To initiate the discussion I would like to present some points that come to mind, and then outline some possible action.

  1. I have stated that the basic concern UMMA has raised through the years is the lack of participation in the development of the present GBGM structure and the collaboration of its activities by autonomous Methodist Churches, ecumenical partners or the missionary community. The control of the Board's program by a small number of people in the Cabinet has led to massive personnel, programmatic and financial problems. During the past five years the missionary community has attempted to name and address the root causes of these problems.
  2. UMMA's attempts to bring this situation to the attention of the Board directors has caused the Cabinet to become concerned about our activities. Since June, we have had little dialogue with the Mission Personnel Unit staff. In addition Safiyah Fosua has been appointed to a church in the greater New Jersey Conference. A Deaconess, Beverly Reddick, has accepted the MIR position and will start work On October 15th.
  3. The Board's Personnel Committee Meeting was scheduled from September 9-11 just outside NYC. Because of the tragedy, they spent a few more days together. The Committee has decided not to recommend an interim General Secretary at the Fall Board Meeting but will urge that the date for naming the new General Secretary be moved up from April 2003 to October 2002. If this action is passed by the GBGM directors, it will create an interesting dynamic situation. The final approval for an extension of time for Dr. Nugent is placed by the Discipline with the General Council on Ministries (GCOM). Their leadership has advised GBGM directors that they will not approve an extension.
  4. Where do we go from here?

I would appreciate your suggestions.

Your colleague in mission,
Howard Heiner, Chair heiner@jeffnet.org.

Some Reflections on the 9/11 Event by Donald Reasoner

A week after the devastating attacks in New York and Washington, I still feel the rage and want those responsible for these terrible acts to be brought to justice. But the perpetrators of these terrorist acts are already dead!
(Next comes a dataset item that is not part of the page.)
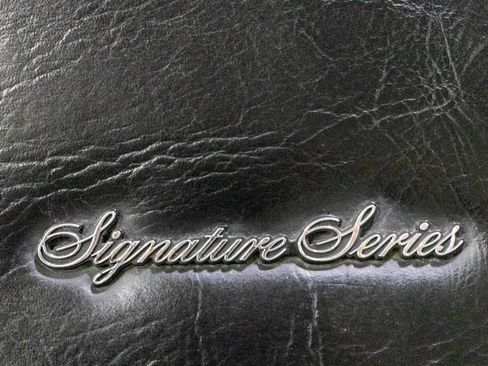 Used 1988 Lincoln Town Car Signature RWD image 26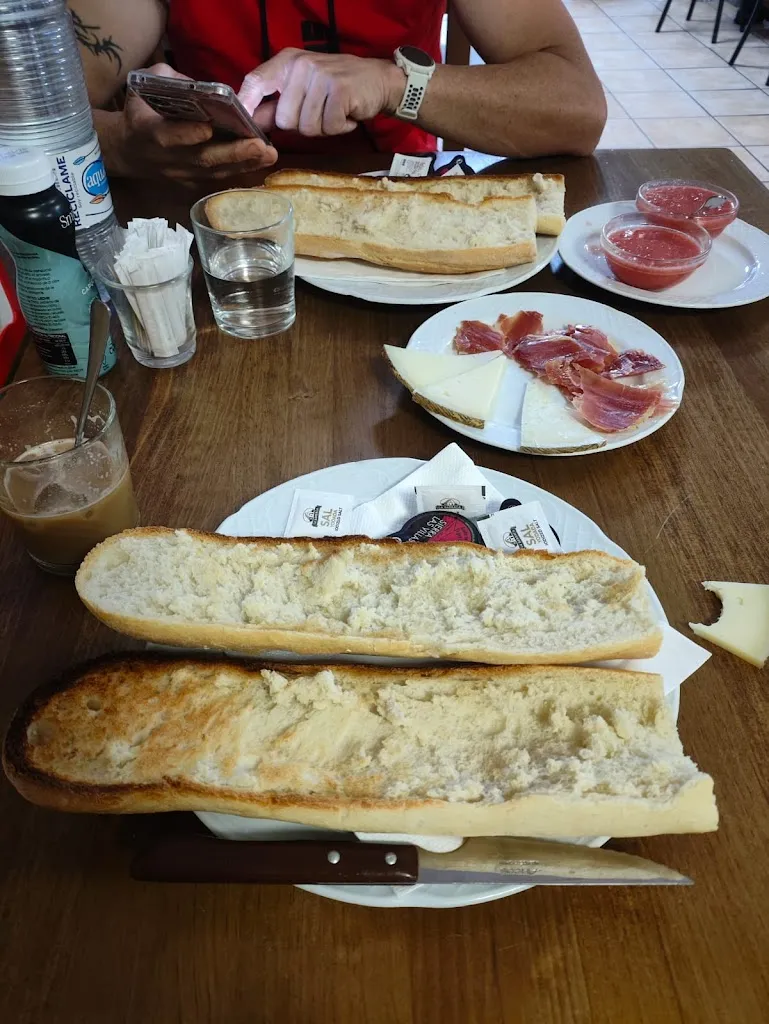 ricardo Lavernia_Bar La Bolera_Villanueva del Arzobispo_review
I am very much concerned about the language being used in the media today. I fear that our efforts to fight this new war against terrorism may cause more harm in the long term to our own democratic system and principles than the damage inflicted by these particular attacks last Tuesday.

The language our government is using to go after "those who support the terrorists" sounds very similar to the language used by the military dictatorships in Latin America to justify their terrible violations of human rights. They too were 'fighting terrorism and those who supported them'. The results of their dirty war lead to millions refugees and exiles fleeing their countries. And for those who did not escape, countless numbers disappeared, tortured or killed.

We need to be careful of who is defining the terms in this public debate. Two decades ago, the US government arrested church workers and people involved in the sanctuary movement, accusing them among other things, "of aiding suspected terrorists", while at the same time, our government organized, funded and directed the "Contras" in their attacks against Nicaragua, where unspeakable acts of terrorism was committed against innocent civilians, women and children and even church workers. All of this was done in the name of defending our democratic freedom.

We all need to be in prayer and discernment, and do our best to help the victims recover, console those who suffered, and work for a just solution that will bring peace and not a further escalation of the spiral of violence and suffering that will end up affecting us all sooner or later.

One important step in this direction is to seek an understanding of what is motivating such individuals to sacrifice themselves and others in hate. The issue is much more than just a few crazed individuals bent on our destruction. We need to understand what is fueling this fire of hatred against the US government and take the necessary steps to change the negative ways we have related to others in our world. It is not only what happens outside our boarders, in far off places that affect us. It is also what has been done within our boarders, in our country-sides and urban centers that fuel this fire of hatred as was demonstrated so tragically in Oklahoma City.

Evil things can be done by even "good" people, when they are gripped by fear. We will need to turn to God and to each other in our communities to get through these problems. We need to work together for peace and reconciliation in our world. By reducing the level of fear and suffering being felt on both sides, we can work to correct some of the injustices that are fueling these fires.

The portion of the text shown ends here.